Arborvitae is truly the “tree of life.” To the early Indians, and the first French explorers with whom they shared their knowledge of natural medicines, arborvitae meant vitamin C and a cure for scurvy. To the new home owner today, it is a quick hedge and a foundation planting to soften the corners of houses.
For a tree like this, what could be more appropriate than the name arborvitae, a Latin form of the French, “l’arbre de vie,” or “tree of life”? Linnaeus, the Swedish botanist who assigned the Latin name to this species, picked up on other traits. The genus name, Thuja, is from a Greek word for perfume. Squeezing the evergreen leaves releases an aroma that is nothing less than nature’s perfume.

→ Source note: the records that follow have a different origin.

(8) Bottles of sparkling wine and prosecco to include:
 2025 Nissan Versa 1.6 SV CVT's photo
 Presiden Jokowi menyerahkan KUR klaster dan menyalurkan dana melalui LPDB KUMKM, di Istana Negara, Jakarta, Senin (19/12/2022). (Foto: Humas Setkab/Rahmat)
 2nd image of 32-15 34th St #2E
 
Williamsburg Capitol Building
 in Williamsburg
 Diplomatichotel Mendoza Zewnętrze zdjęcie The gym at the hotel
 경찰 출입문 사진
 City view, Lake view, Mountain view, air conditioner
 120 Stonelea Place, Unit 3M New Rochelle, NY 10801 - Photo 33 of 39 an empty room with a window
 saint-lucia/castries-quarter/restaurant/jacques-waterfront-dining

The native North American tree, America Arborvitae (Thuja occidentalis), was useful in early canoes and medicines and became the first North American tree to be introduced to Europe. The specific name, occidentalis, means “west,” the direction from Sweden where this tree was discovered.
Arborvitae is a tough and versatile tree – an urban survivor. It can withstand compaction, most common kinds of air pollution, and a range of soils. It can be planted in tight, narrow spaces in a landscape where height is needed, and adapts well to shearing and shaping. However, for a good to fast growing tree of up to 2 feet per year, it is necessary to plant this species within its preferred range of conditions.
Conditions to Maximize Tree Growth Rate
- Soil that is moist, rich and deep, but well drained; loam or sandy loam
- pH of 6.0 (slightly acidic) to 8.0 (alkaline)
- Full sun if rapid growth is important, but will tolerate shade
- Geographic regions with high humidity
- In times of drought, tree watering is important.
- Young landscape trees will need protection from deer in many areas.
- Pest and Disease Problems: Bagworms are sometimes attracted to this species, but can be removed by hand in winter, or controlled with a biological pesticide.
- In forest or land development situations, large openings can lead to windthrow due to its shallow root system.
- Protection from fire is a ‘must’ except from very old trees.